*** Opening of Information supplied ***
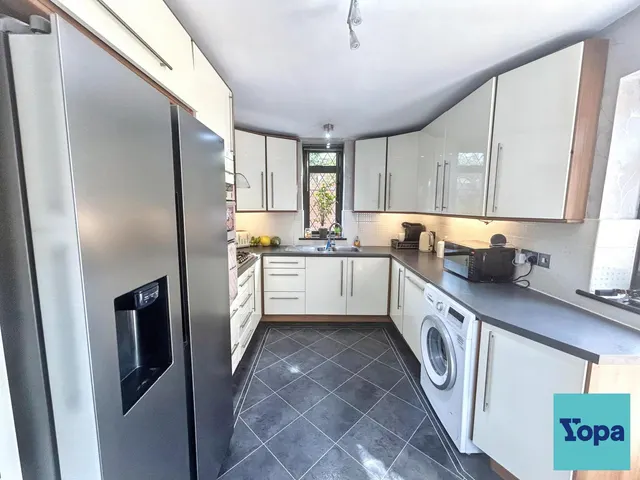 Noak Hill Road, Basildon, SS15, photo 2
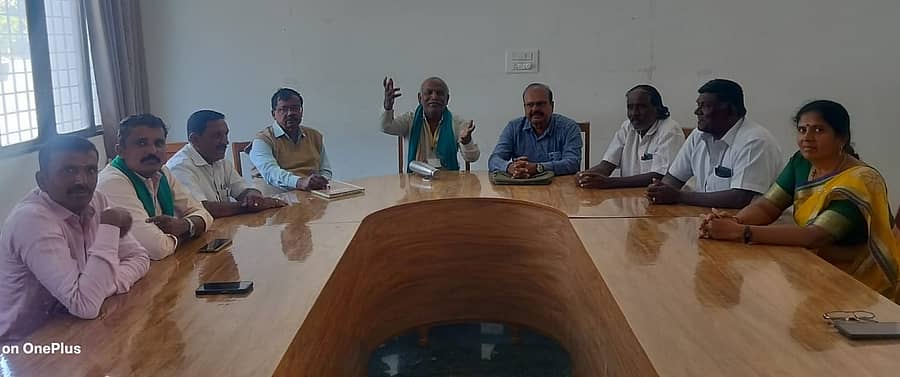 ಹಿರಿಯೂರಿನಲ್ಲಿ ಮಂಗಳವಾರ ಹಮ್ಮಿಕೊಂಡಿದ್ದ ಕುಂಚಿಟಿಗ ಜನಾಂಗದ ಮುಖಂಡರ ಸಭೆಯಲ್ಲಿ ಕುಂಚಿಟಿಗ ಕ್ಷೇಮಾಭಿವೃದ್ಧಿ ಸಂಘದ ಅಧ್ಯಕ್ಷ ಕಸವನಹಳ್ಳಿ ರಮೇಶ್ ಮಾತನಾಡಿದರು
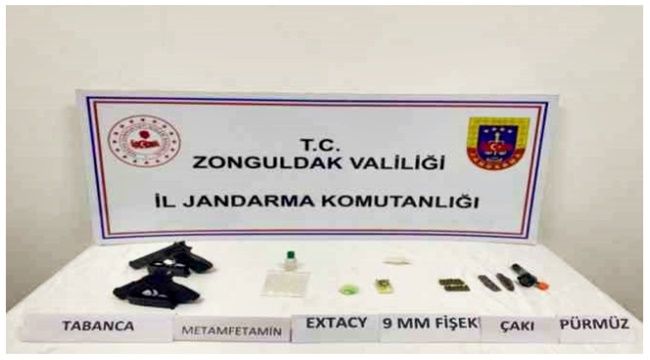 Alaplı'da durdurulan otomobilde uyuşturucu yakalandı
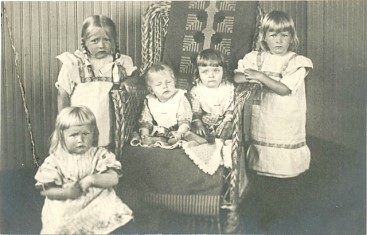 Veikko ja Hilja Attilan lapset n. v.1917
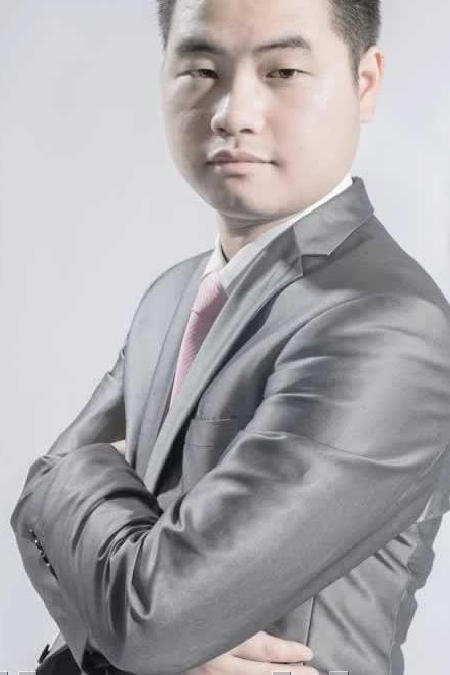 杨庚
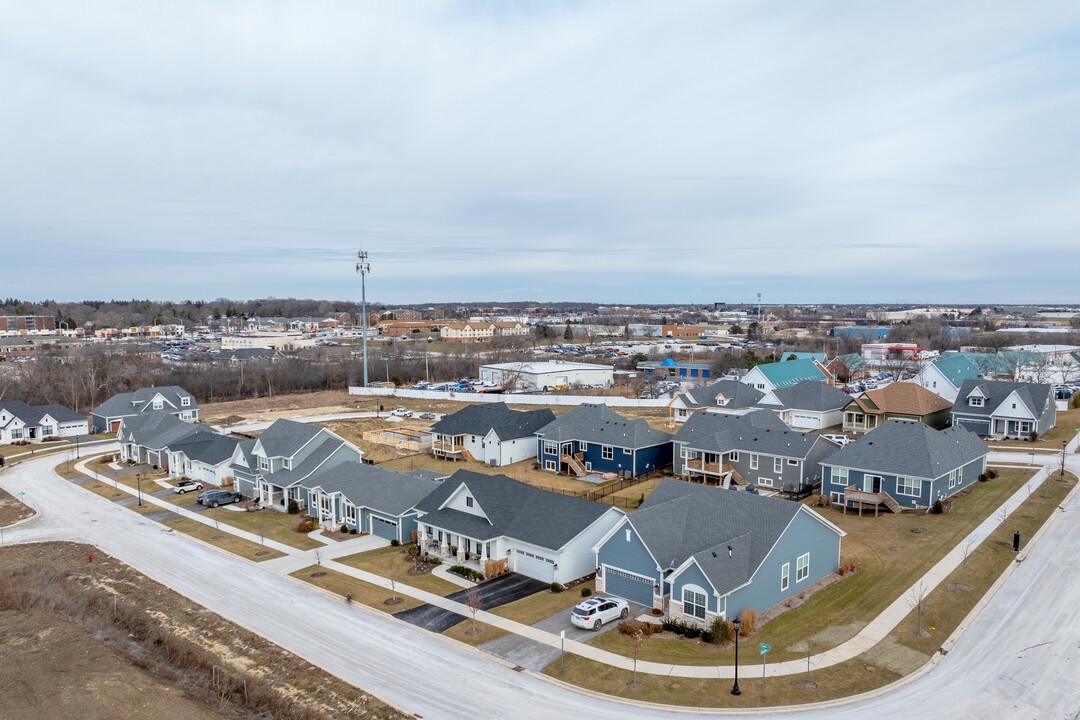 Munhall Glen of Saint Charles in St. Charles, IL - Building Photo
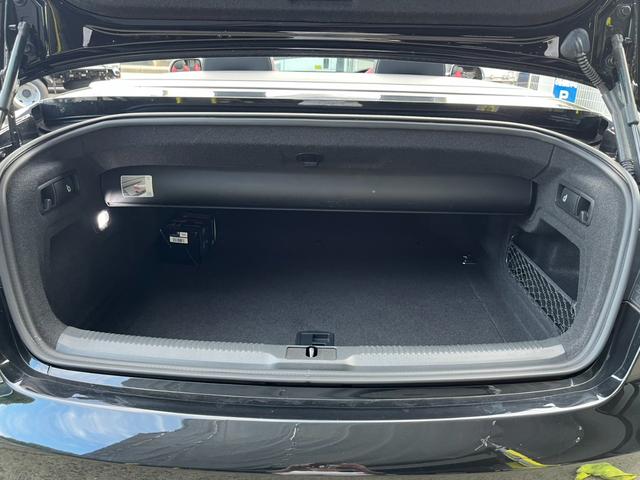 Ｓ５カブリオレ ベースグレード　アシスタンスＰＫＧ　スーパースプリントマフラー　Ｈ＆Ｒダウンサス　走行１．８万Ｋｍ　ディーラー記録簿　赤／黒レザーシート　Ｂａｎｇ＆Ｏｌｕｆｓｅｎサウンド　赤幌　ナビフルセグＴＶ　Ｂｌｕｅｔｏｏｔｈ（27枚目）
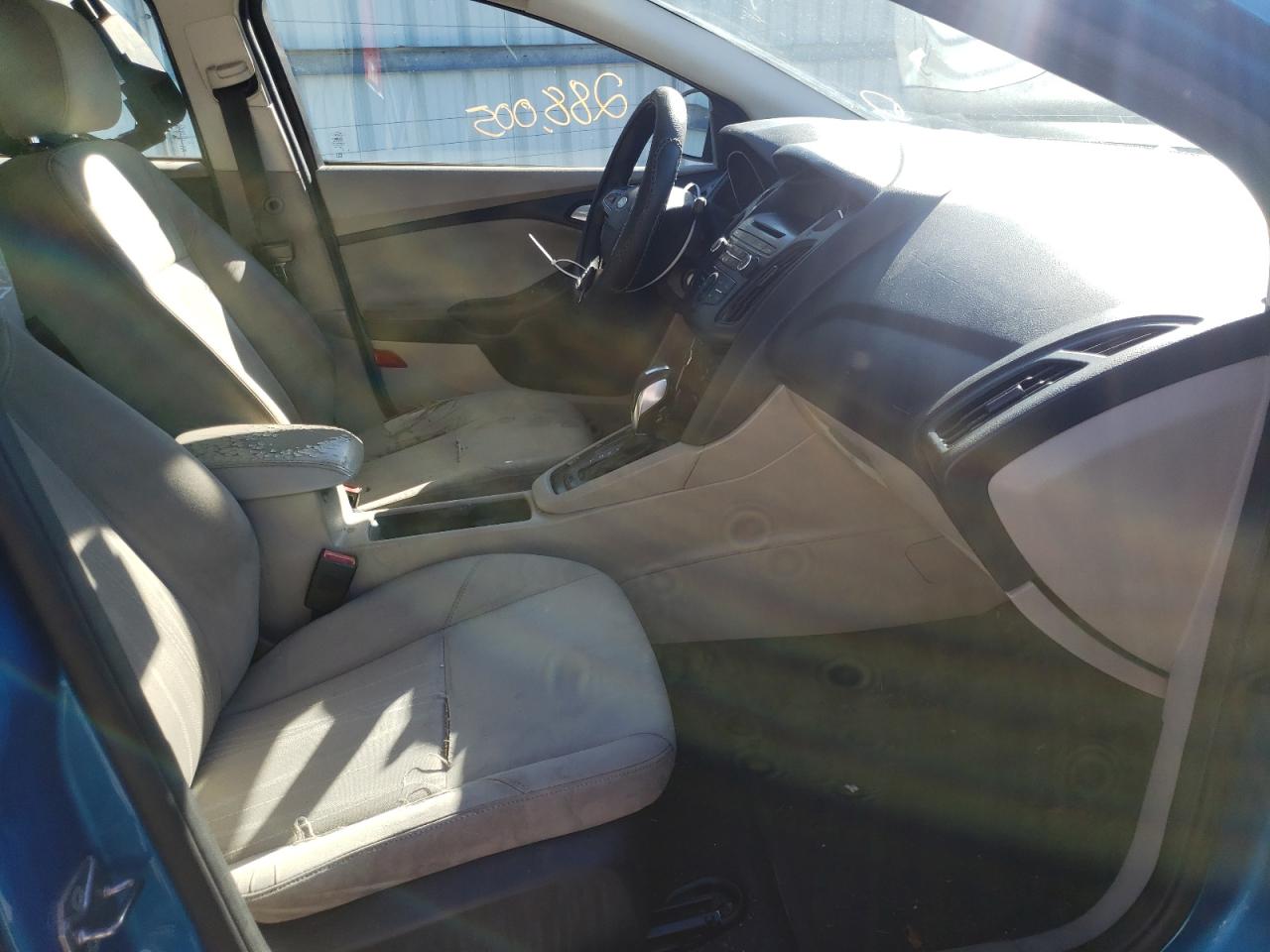 Photo 5 from auction – 2015 FORD FOCUS SE with VIN 1FADP3F26FL252386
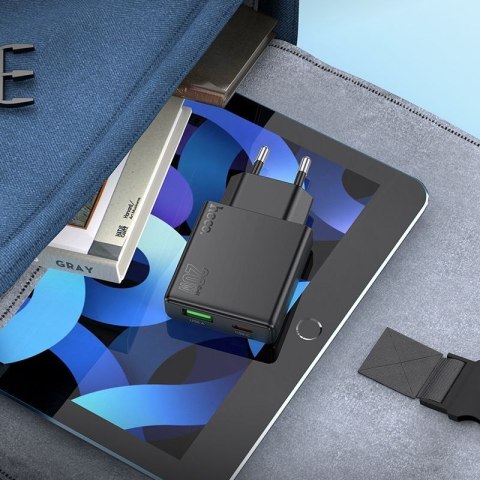 Ładowarka sieciowa do telefonu Hoco Slim USB A + USB C QC3.0 PD 3A 20W + kabel USB C do Lightning N38 czarna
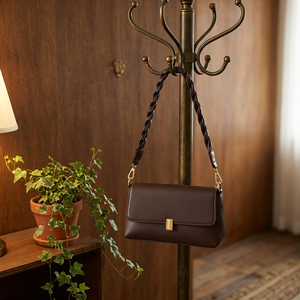 Bolso Mini Vintage de Cuero PU con Correa de Cadena Trenzada, Bolso Bandolera con Solapa, Bolso de Hombro Compacto para Uso Diario - Product Image 5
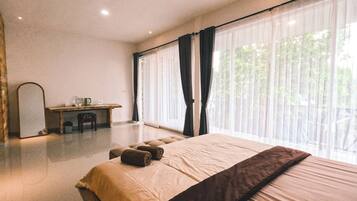 Kamar Double Grand, lantai eksekutif | Tempat tidur Select Comfort dan didekorasi berbeda-beda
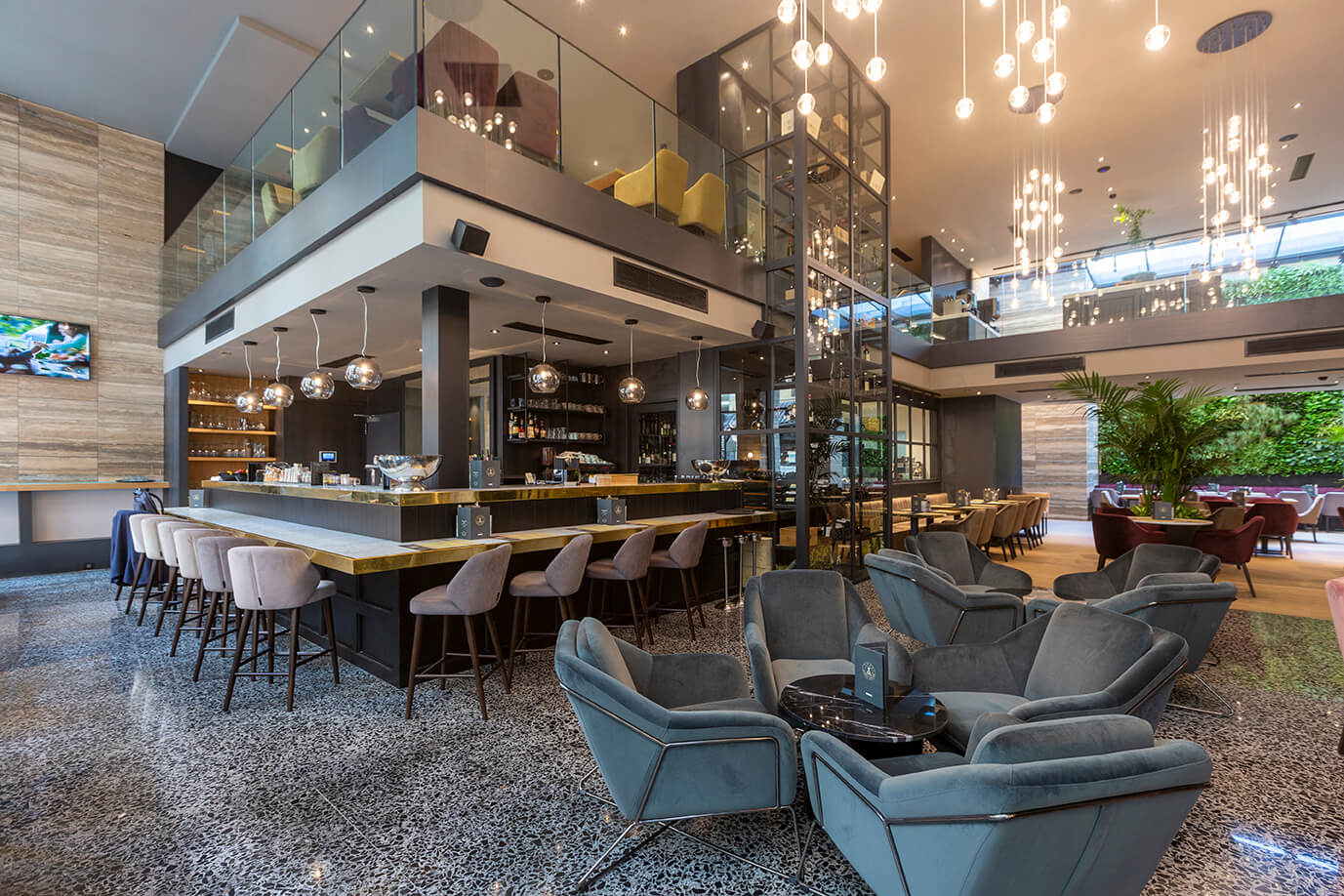 09 urban hotel – halmannvella – parquet looking tiles – black tiles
*** Close of Information supplied ***
Description of the task :: The answer should hold every entry exactly as given and no pictures at all.

Exercise output ::
 Noak Hill Road, Basildon, SS15, photo 2
 ಹಿರಿಯೂರಿನಲ್ಲಿ ಮಂಗಳವಾರ ಹಮ್ಮಿಕೊಂಡಿದ್ದ ಕುಂಚಿಟಿಗ ಜನಾಂಗದ ಮುಖಂಡರ ಸಭೆಯಲ್ಲಿ ಕುಂಚಿಟಿಗ ಕ್ಷೇಮಾಭಿವೃದ್ಧಿ ಸಂಘದ ಅಧ್ಯಕ್ಷ ಕಸವನಹಳ್ಳಿ ರಮೇಶ್ ಮಾತನಾಡಿದರು
 Alaplı'da durdurulan otomobilde uyuşturucu yakalandı
 Veikko ja Hilja Attilan lapset n. v.1917
 杨庚
 Munhall Glen of Saint Charles in St. Charles, IL - Building Photo
 Ｓ５カブリオレ ベースグレード　アシスタンスＰＫＧ　スーパースプリントマフラー　Ｈ＆Ｒダウンサス　走行１．８万Ｋｍ　ディーラー記録簿　赤／黒レザーシート　Ｂａｎｇ＆Ｏｌｕｆｓｅｎサウンド　赤幌　ナビフルセグＴＶ　Ｂｌｕｅｔｏｏｔｈ（27枚目）
 Photo 5 from auction – 2015 FORD FOCUS SE with VIN 1FADP3F26FL252386
 Ładowarka sieciowa do telefonu Hoco Slim USB A + USB C QC3.0 PD 3A 20W + kabel USB C do Lightning N38 czarna
 Bolso Mini Vintage de Cuero PU con Correa de Cadena Trenzada, Bolso Bandolera con Solapa, Bolso de Hombro Compacto para Uso Diario - Product Image 5
 Kamar Double Grand, lantai eksekutif | Tempat tidur Select Comfort dan didekorasi berbeda-beda
 09 urban hotel – halmannvella – parquet looking tiles – black tiles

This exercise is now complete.